No.1とNo.2であるが、これまでのサンプルに比べると1−2ms長く後燃えしている。またNo.4は今回のサンプル中最も難解な燃料で、写真を見ても分かるように火炎があまりに短く、大半の燃料が未燃で終わっている可能性もある、このような燃料の燃焼性の判定には、火炎写真と熱発生率・熱発生割合の同時評価が必要と思われる。
No.9は前述のBFO−A、NYK−1と同様、アメリカ西海岸の港で補油されスカッフィングを発生させたものである。図のようにこれまでのサンプルに比べて3msほど後燃えが長くなっている。
No.10は南米パラナグア油である。図から分かるようにBFO−Aに匹敵する燃焼性の悪さを示す。火炎発生位置が低いため上窓では火炎は観察できず、下窓の中間に火炎が浮いているように見える。また火炎の消滅は他の燃料に比べて4ms以上遅くなっている。

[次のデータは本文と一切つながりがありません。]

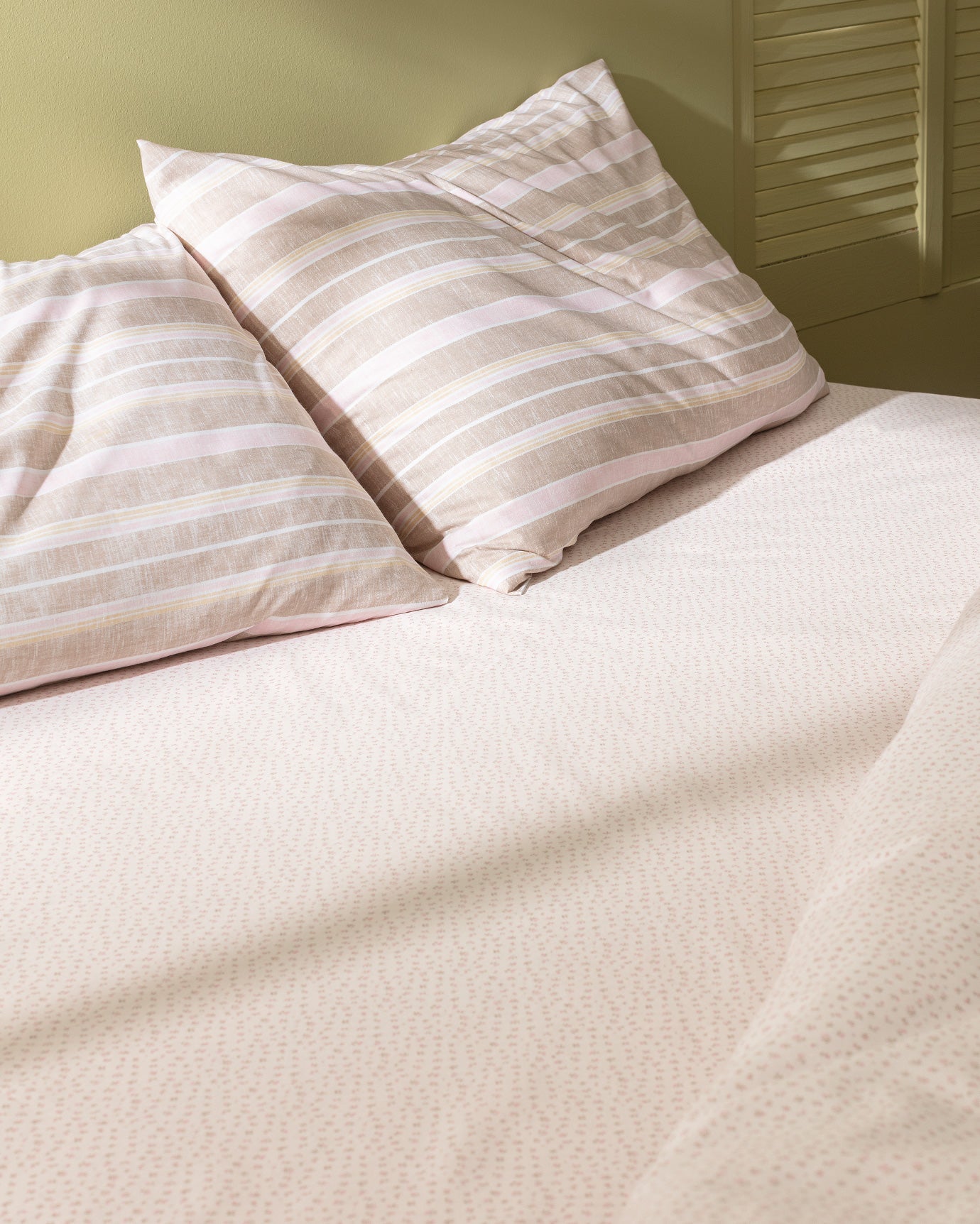 Darvell Kıng Sıze Duvet Cover Set - Madame Coco JO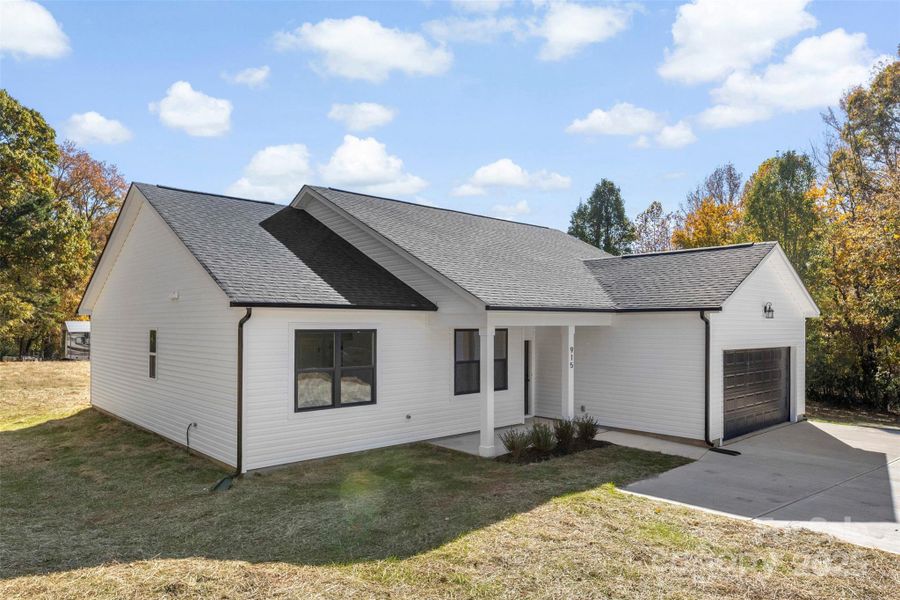 Exterior details and patio area of a home in , Monroe (Image 21).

No.11は南アフリカ油である。これもNYK−1に匹敵するような燃焼性の悪さを示す。火炎発生位置がほとんど下窓の上端程度であり、後燃え時の火炎が長くまた微細な火炎は噴射終了後6msでも視認できる。さらに写真には出していないが、この燃料では火炎が消滅した後に火の粉状の発光(噴射終了後さらに40msまでも)が毎回見られた。
以上の結果から、 No.10,No.11を使用した場合は、BFO−A、NYK−1、No.9と同様に燃焼に起因するトラブルが危惧される。